As the series begins season 3, moving its production to California after filming in New York State for two seasons, a few things become readily apparent. For one, green-screened backgrounds of the Big Apple’s skyline or busy streets are distracting. And two, the series has compressed two plus seasons of television into a relatively small amount of narrative time. The result is that, at the start of the show’s third season, Marius’ long con isn’t so long (and is therefore more readily believable), while at the same time, the world around him — at least when Marius is running around NYC during the early episodes — occasionally strains credulity.

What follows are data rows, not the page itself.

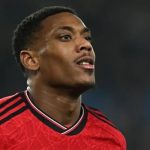 Ex-Man United striker Martial joins Greek club AEK Athens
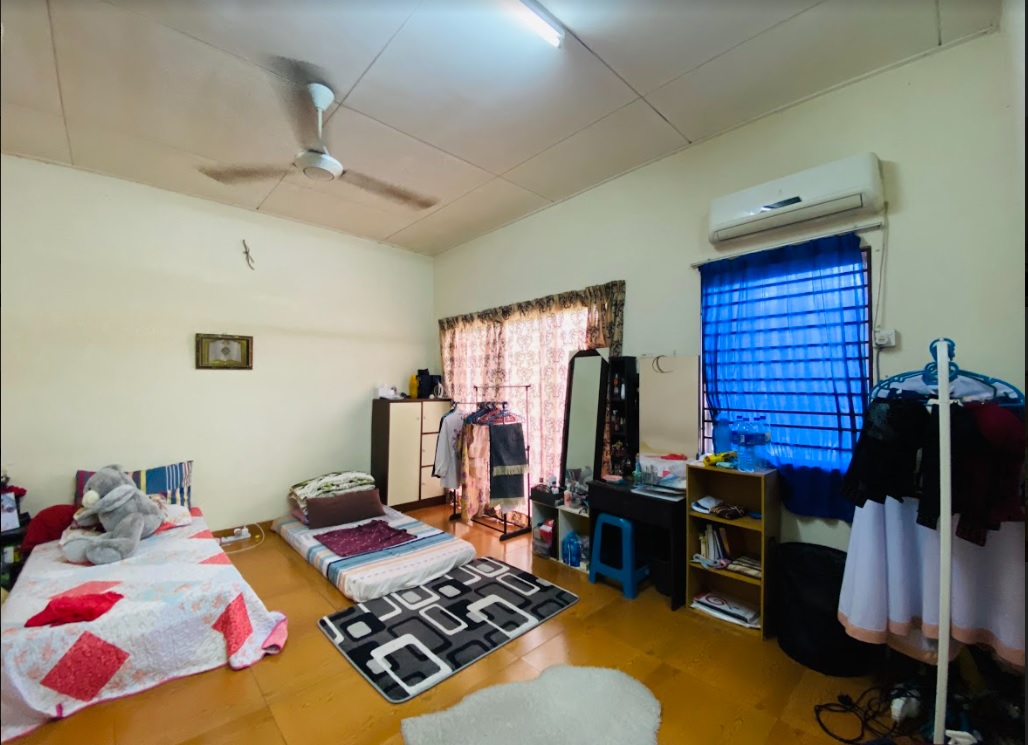 REDUCEDD 2sty Desa Alam Seksyen 7 Shah Alam - photo 6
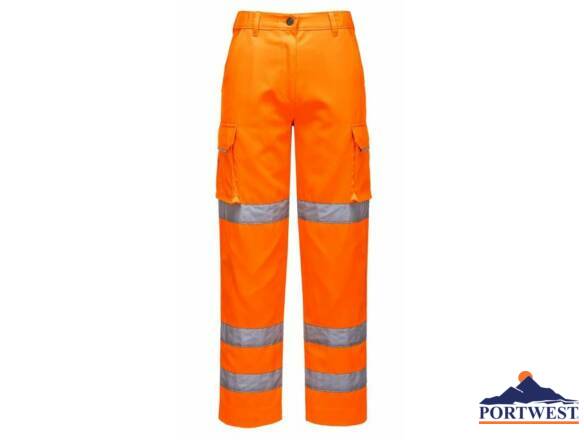 HÖSE LADIES HIVIZ LW71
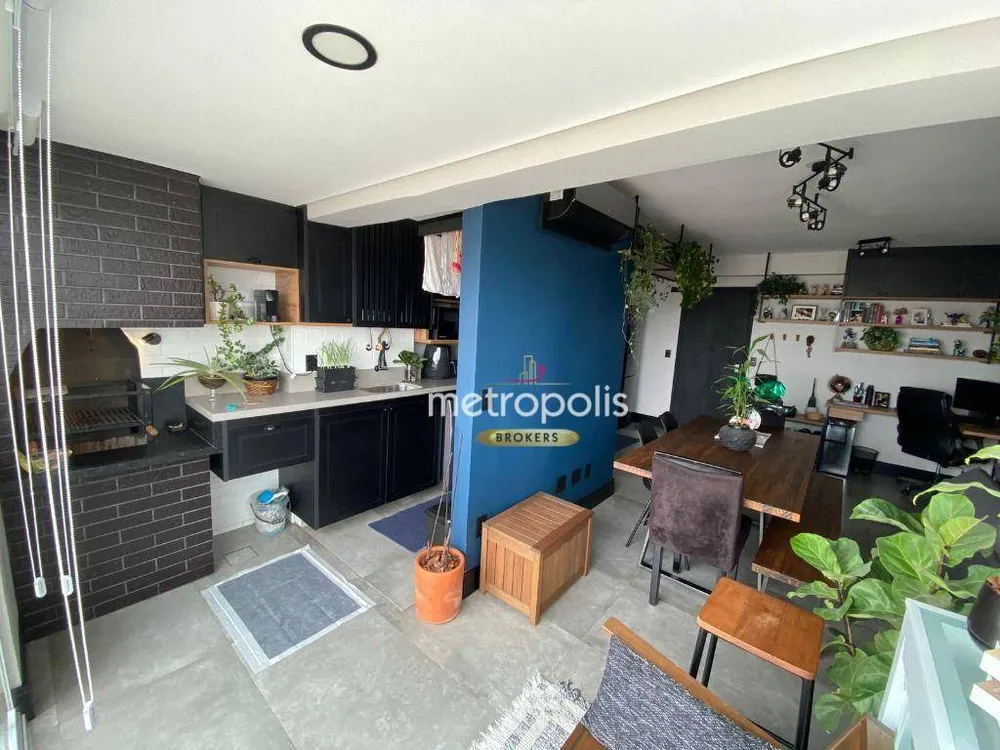Apartamento, 3 quartos, 73 m² - Foto 7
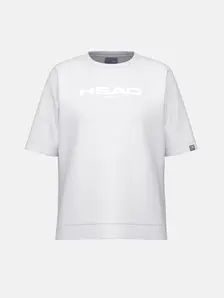 Display front view 1 of Product detail - MOTION T-Shirt Women white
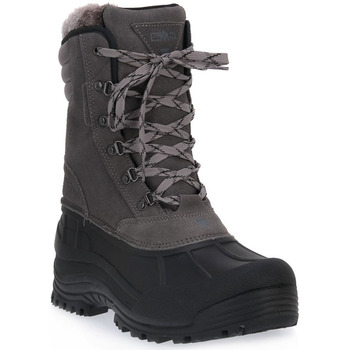 Scarpe Uomo Running / Trail Cmp 65UF KINOS SNOW BOOT Grigio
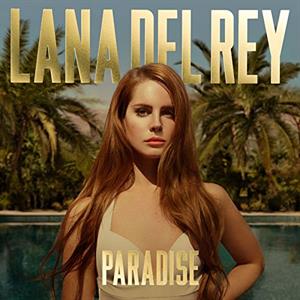 LANA DEL REY – Born To Die (1LP Vinyl, Vertigo)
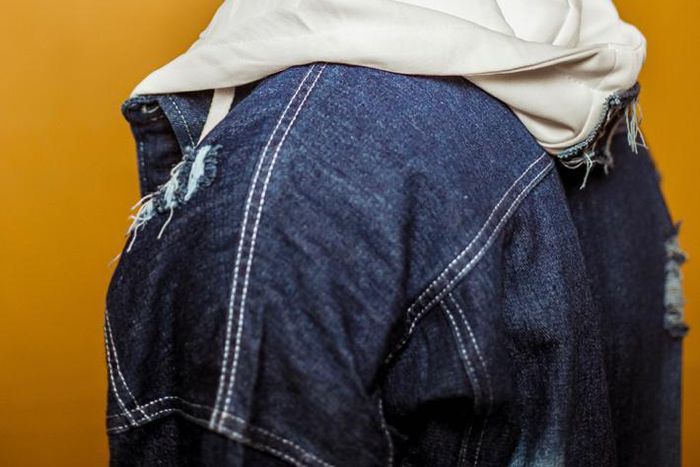 Ghanaian singer, Saint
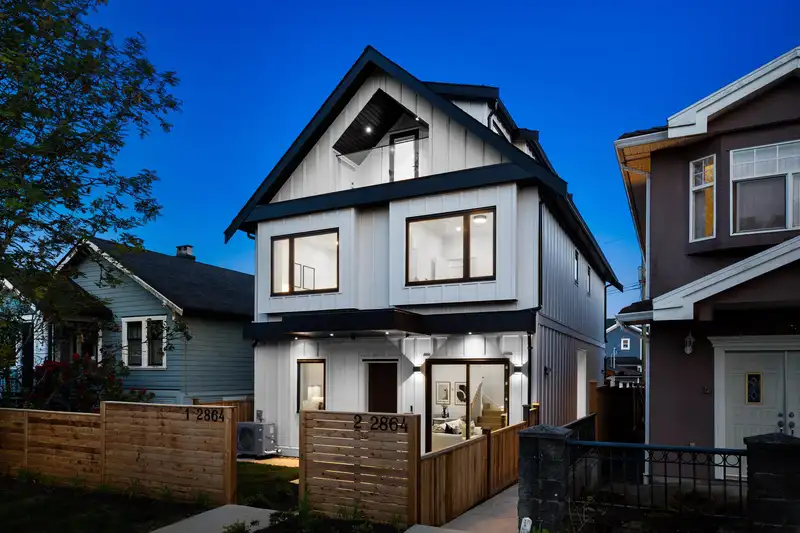 2 2864 E GEORGIA STREET - photo 1 of 19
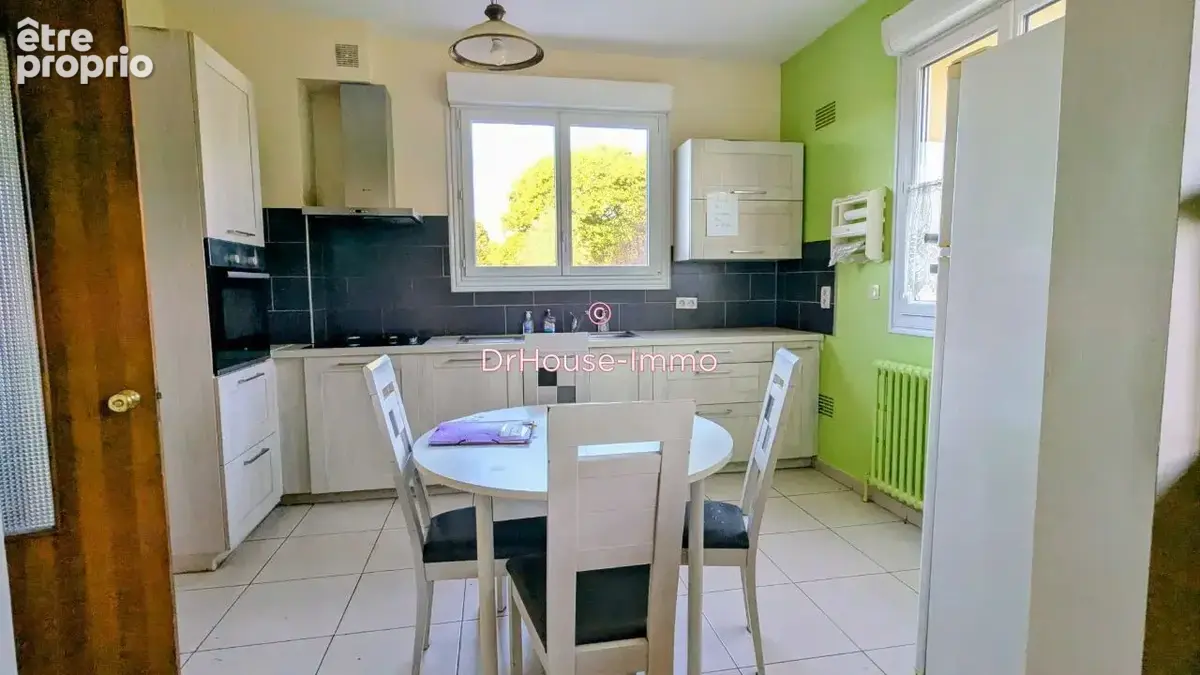 Maison 5 pièces 133 m² à vendre à Gourin (56110) - photo 13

To be honest, the green screening isn’t that much of an issue; it’s more of a fleeting disturbance that’s both unintentionally meta (this is, after all, a show about a confidence man selling fiction after fiction), and probably more obvious than the producers would like it to be. But it does little to derail the story in season 3, which picks up immediately after the season 2 finale. That puts Marius’s time as Pete on a clock, as Julia (Ireland) confronts the grifter about his assumed identity and his efforts to continue duping the rest of her family. Marius’s identity is kept secret thanks to Julia’s arrest for various acts she committed in the previous season, and which threaten her grandparents’ bail bonds business.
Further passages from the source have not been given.